Even before the pandemic, from March 2019 to March 2020, registered nurses worked 300,000 hours of overtime, union president Yvette Coffey said. Nurses also aren't currently being granted annual leave in some places, including Happy Valley-Goose Bay, she said, and long-term care admissions have been closed in some St. John's facilities with 40 to 50 nurse vacancies there.

"This has nothing to do with granting vacation. Nothing," Coffey told CBC News on Wednesday.

'No magic bullet'

On Tuesday, Health Minister John Haggie said nurse shortages have not started to affect services.

"We haven't got to that kind of situation. I think our challenges have been some chronic issues around recruitment, and we have been working with the RNU for strategies around that," he said.

Coffey said she was disappointed by that response.

"Everybody needs to come together and admit there's a shortage," she said.

She outlined myriad patient impacts, with at least 60 people in acute care beds in various St. John's hospitals waiting to move into long-term care, and more in the community waiting as well. When ICU beds at St. Anthony's hospital are full, it has an agreement to send overflow patients to the Health Sciences Centre in St. John's, but Coffey said that can't happen, because the HSC has no capacity to take on the extra load.

People being cared for by nurses may also be noticing the difference, Coffey said.

"If you have a mentally, physically exhausted registered nurse working, that is going to affect patient care. You are more apt to make mistakes. Things are getting missed when you are tired and exhausted," she said.

Health Minister John Haggie says a number of small changes need to be made to address nursing issues. (CBC)

Haggie said the ways in which nurses are working has to be looked at, to make sure registered nurses aren't filing paperwork, answering phones or doing other non-nursing duties, as well as looking at the software for scheduling.
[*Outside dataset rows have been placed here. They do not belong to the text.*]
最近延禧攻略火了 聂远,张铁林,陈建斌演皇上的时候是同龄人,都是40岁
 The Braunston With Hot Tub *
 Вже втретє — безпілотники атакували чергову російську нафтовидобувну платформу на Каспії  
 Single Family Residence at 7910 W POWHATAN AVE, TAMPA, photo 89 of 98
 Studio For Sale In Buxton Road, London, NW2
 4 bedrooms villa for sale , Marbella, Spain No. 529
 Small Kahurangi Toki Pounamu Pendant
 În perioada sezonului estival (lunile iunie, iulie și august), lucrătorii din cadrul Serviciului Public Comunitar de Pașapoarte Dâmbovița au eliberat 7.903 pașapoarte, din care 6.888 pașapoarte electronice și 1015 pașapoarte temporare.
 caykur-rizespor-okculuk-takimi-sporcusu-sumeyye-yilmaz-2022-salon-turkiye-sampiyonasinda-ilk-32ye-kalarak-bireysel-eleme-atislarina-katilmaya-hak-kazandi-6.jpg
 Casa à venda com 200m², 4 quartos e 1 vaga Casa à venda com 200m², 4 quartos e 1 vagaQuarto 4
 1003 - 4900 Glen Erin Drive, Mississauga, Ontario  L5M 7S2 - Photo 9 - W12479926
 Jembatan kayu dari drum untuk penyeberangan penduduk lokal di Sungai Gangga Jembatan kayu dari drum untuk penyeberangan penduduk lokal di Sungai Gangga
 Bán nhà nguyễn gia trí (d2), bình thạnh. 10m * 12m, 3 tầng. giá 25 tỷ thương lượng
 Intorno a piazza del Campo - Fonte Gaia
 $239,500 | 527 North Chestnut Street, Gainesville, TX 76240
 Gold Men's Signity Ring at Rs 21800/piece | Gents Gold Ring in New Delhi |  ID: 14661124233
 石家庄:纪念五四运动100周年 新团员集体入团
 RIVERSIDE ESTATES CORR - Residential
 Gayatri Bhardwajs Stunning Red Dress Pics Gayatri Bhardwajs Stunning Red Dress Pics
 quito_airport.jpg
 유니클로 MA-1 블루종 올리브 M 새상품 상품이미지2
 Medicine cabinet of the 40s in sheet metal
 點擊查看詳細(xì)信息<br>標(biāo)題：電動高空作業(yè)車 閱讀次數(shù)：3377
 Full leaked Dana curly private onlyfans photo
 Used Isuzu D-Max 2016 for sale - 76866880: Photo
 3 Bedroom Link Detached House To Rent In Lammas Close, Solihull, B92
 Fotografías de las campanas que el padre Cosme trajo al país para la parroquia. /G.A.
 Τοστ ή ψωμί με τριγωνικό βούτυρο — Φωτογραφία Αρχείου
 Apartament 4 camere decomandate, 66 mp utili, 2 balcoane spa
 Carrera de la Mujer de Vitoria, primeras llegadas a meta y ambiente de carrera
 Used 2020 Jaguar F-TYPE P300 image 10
"There really is no magic bullet," he said.

Coffey said all parties involved need to get together and hash out short- and long-term strategies to address the shortage. She wants to see a core staffing review, a human resource strategy and other ideas.

That may cost money, she said, but nurse overtime was already a $25-million expense prior to COVID-19.

"Everything is going to cost money, but there's also the cost of the physical and mental exhaustion on the members who are working in the system every day."